Akşam oldu herkes odasına gitti... Sabah olduğunda yanımda Elif yoktu kesin Ege'nin yanına gitmiştir dedim içimden. Sonra tekrar uyudum. Tekrar uyandığımda yanımda Arda vardı. Arda;
"Günaydııınnn" dedi neşeli bir ses tonuyla
"Günaydin" dedim ve devam ettim "Elif nerde?" Diye sordum
" Ege'nin yanında biz de inelim mi?"
"Olur inelim" dedim aşağıya indik, mutfağa girdik önümüze baktığımızda kahvaltı hazırdı, Elif'e baktım ve
"Oo senin böyle marifrtlerin var mıydı ya"

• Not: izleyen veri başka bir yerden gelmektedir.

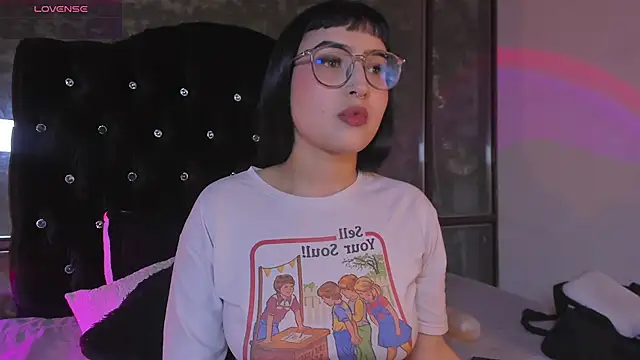 Cintya Kros online show from December 3, 2025, 5:22 pm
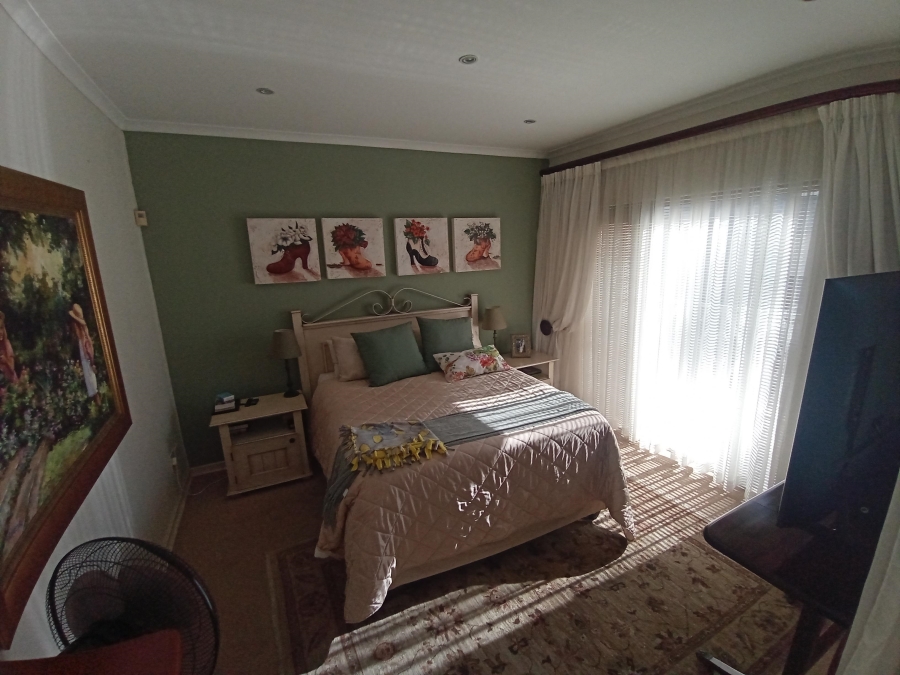 4 Bedroom Property for Sale in Bassonia Gauteng
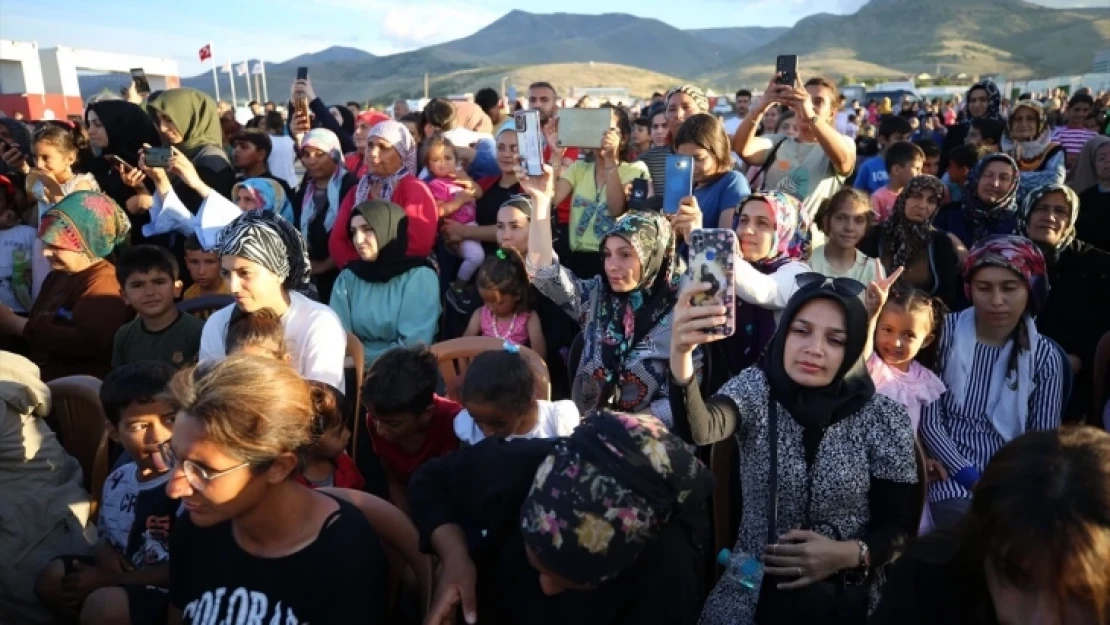 Sanatçı Yavuz Bingöl Malatya'da depremzedelere konser verdi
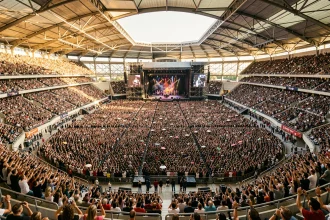 Vue panoramique du Stade de France lors d'un concert à pleine capacité avec des milliers de spectateurs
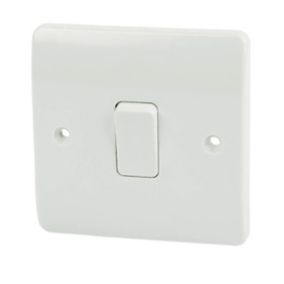 MK White 10A Single Intermediate switch White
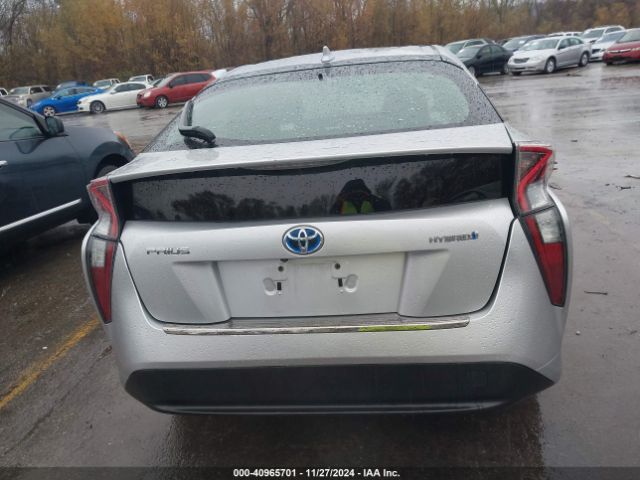 JTDKARFU8G3008103 Toyota Prius Four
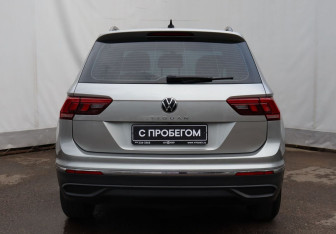 Подержанный автомобиль Volkswagen Tiguan 2021 года (5 фото)
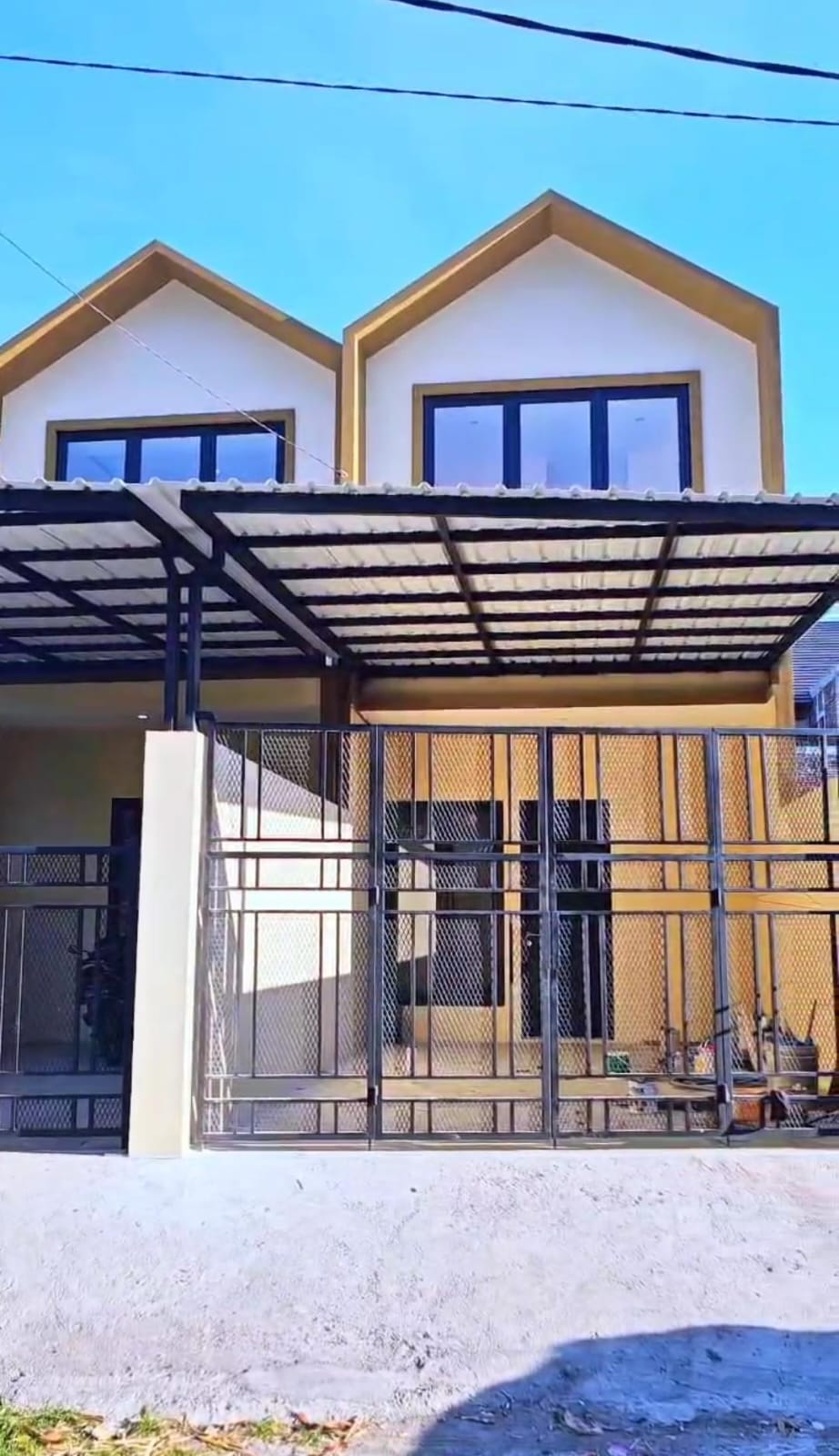 Jual Rumah Baru Tipe Scandinavia 2 Lantai di Klampis Lokasi Strategis Surabaya Timur - Image 1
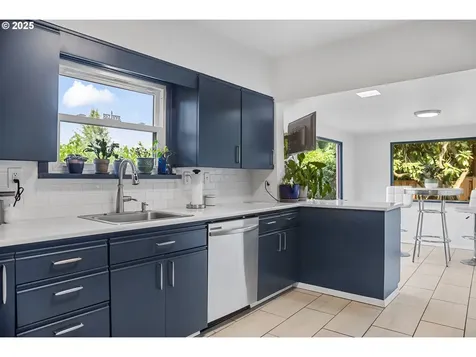 6026 NE 57th Avenue Portland OR 97218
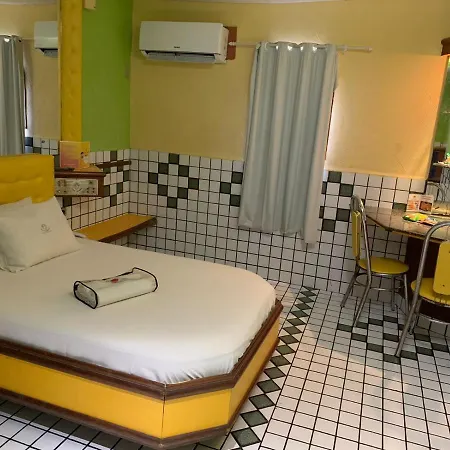 Motel Estoril (Adults Only)-3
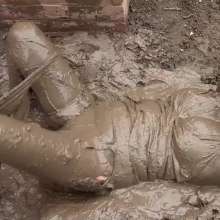 custardcouple: Mud Fetish 2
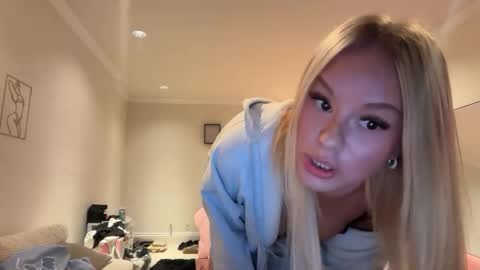 kenziesmithh online show from January 11, 2:28 am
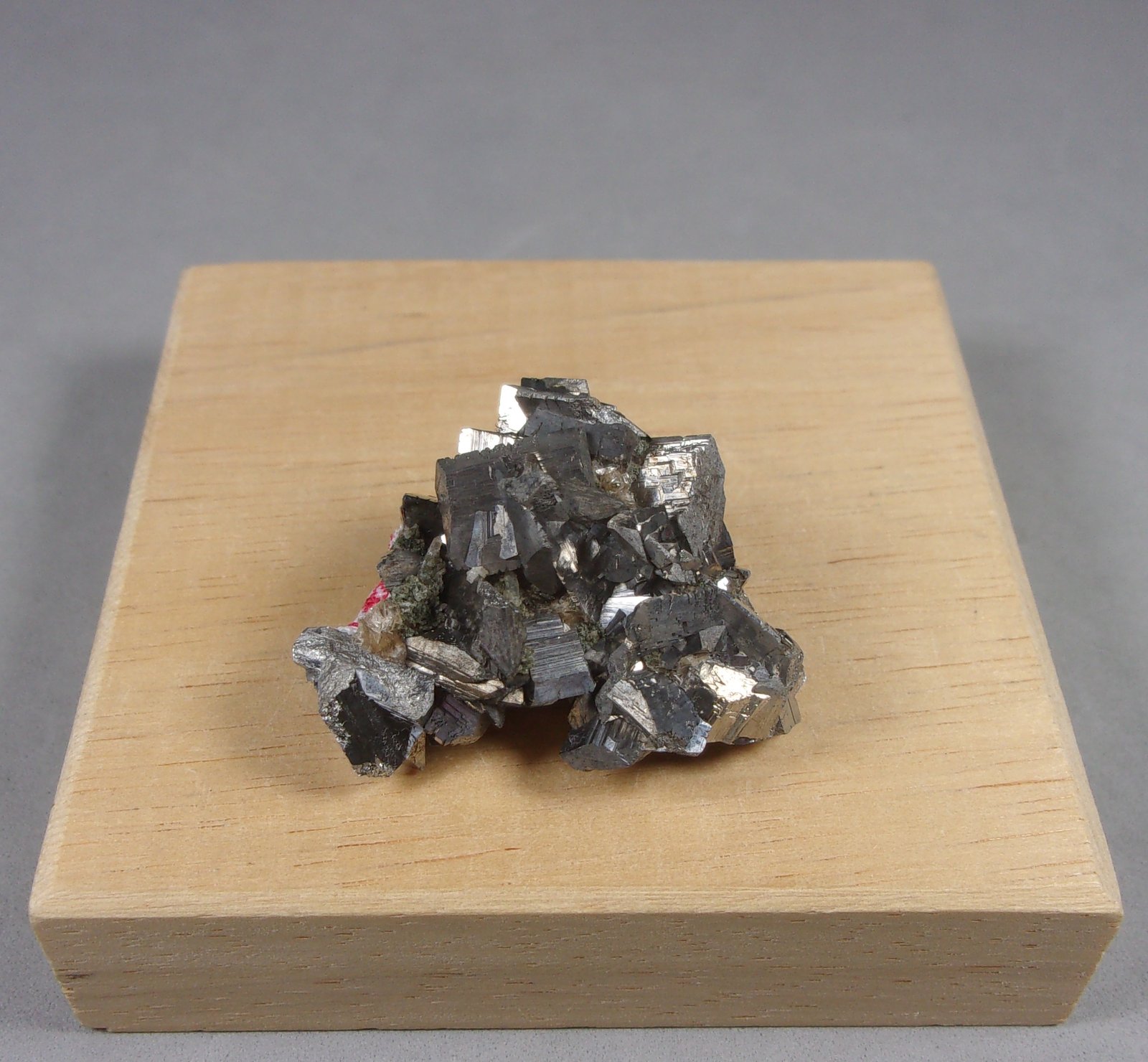 Arsenopirita
3 x 2,4 x 1,4 cm. 18,56 g.
(Autor: J. G. Alcolea)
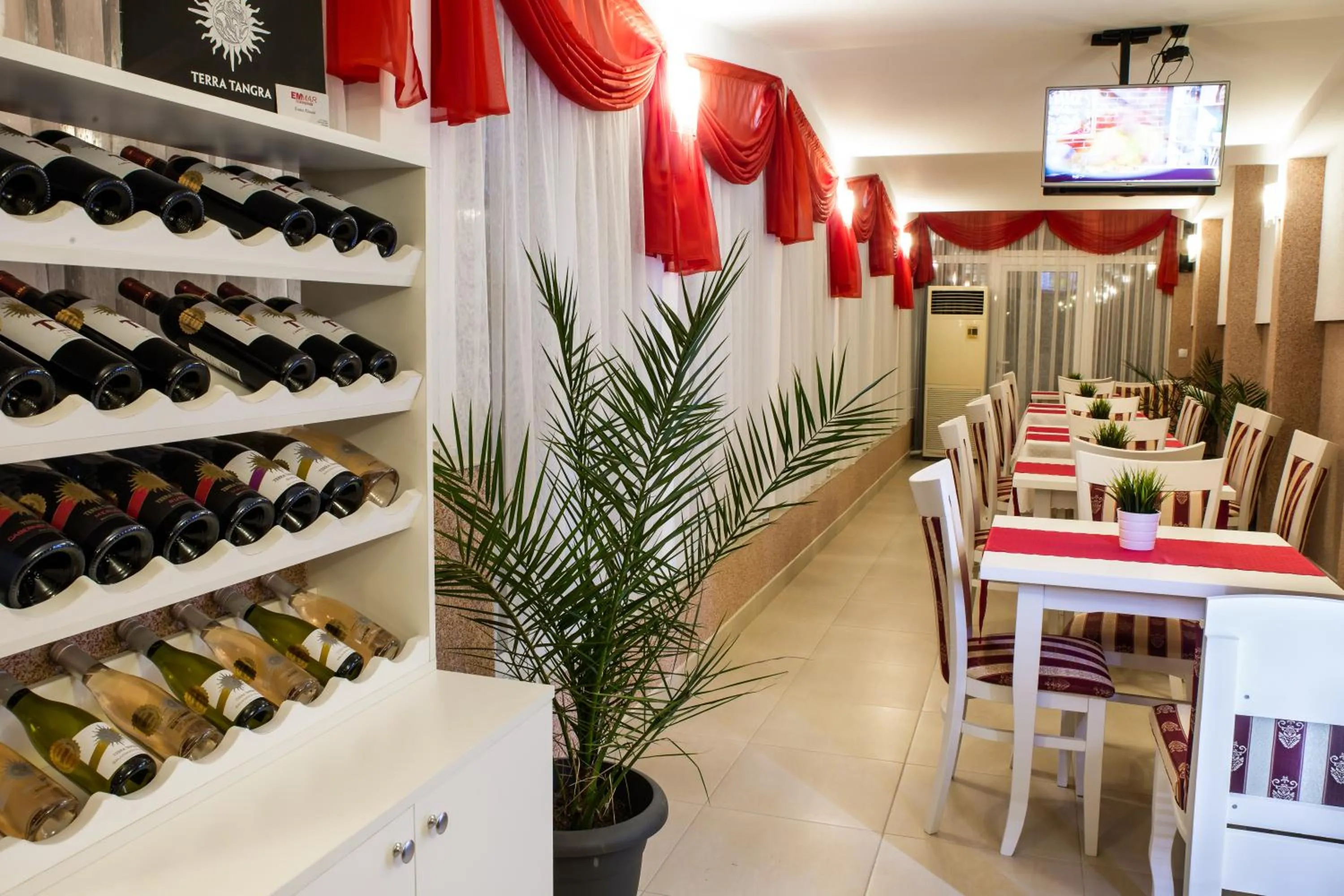 Restaurant/places to eat in Emmar Zlatograd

"Tabii sen bilmiyor muydun"
"Yoo beraber kalırken bana hiç böyle kahvaltı yapmıyordun"
"Of ya ne abarttın ye işte ya"
"Of tamam çok ağladın yiyen bari" dedim alaycı ses tonuyla. Kahvaltı yaptık, ben geri odama geçtim, biraz geçti yanıma Arda geldi.
"Niye odaya geldin"
"Niye gelmeyin ki"
"Yanımızda dursana. Bir rahatsızlığın mı var?"
"Hayır, sadece aşağıda canım sıkılıyor"
"İyi sen bilirsin" dedi ve gitti.
Günler geçtikçe Burak'ı özlüyordum...
Acaba o da beni özlüyor muydu? Keşke onla konuşabisem ama Arda telefonumu vermiyordu... Bunları düşünürken uyuya kalmışım. Arda beni uyandırdı.
"Güzelim sence yeteri kadar uyumadım mı?"
"Evet aslında fazlasını uyudum"
"Bana söyleyemedigin bişey mi var yoksa?"
"H-hayır sadece bu aralar havamda değilim"
"İstersen dışarıyı dolasabiliriz"
"Bilmem Elif'e sorayım o da isterse çıkalım"
"Ben ikimiz çıkarız diye düşünmüştüm ama istersen çağır"
"O zaman ikimiz çıkalım" dedim ben hazirlandim önde Arda çıktı Elif yanıma gelip kulağıma
"Arda'yı sevmeye başladın galiba"
"Burak varken mi? Ciddi misin sen?" Diyip dışarı Arda'nın yanına gittim. 1 saat kadar dolaştık, eve geldik, akşam oldu. Ben yine her zamanki gibi odamdaydım, Arda yanıma geldi, beni salona çağırdı. Çağırdıkdan 5-15 dk sonra gittim. Salondan gülüşmeler geliyordu, yanlarına gittim Arda bana baktı
"Biz de seni bekliyorduk güzelim" dedi çekici bir ses tonuyla
"Ne oldu? Neden beni buraya cağırdınız?"
"Film izleyecez birtanem sen de gel istedim"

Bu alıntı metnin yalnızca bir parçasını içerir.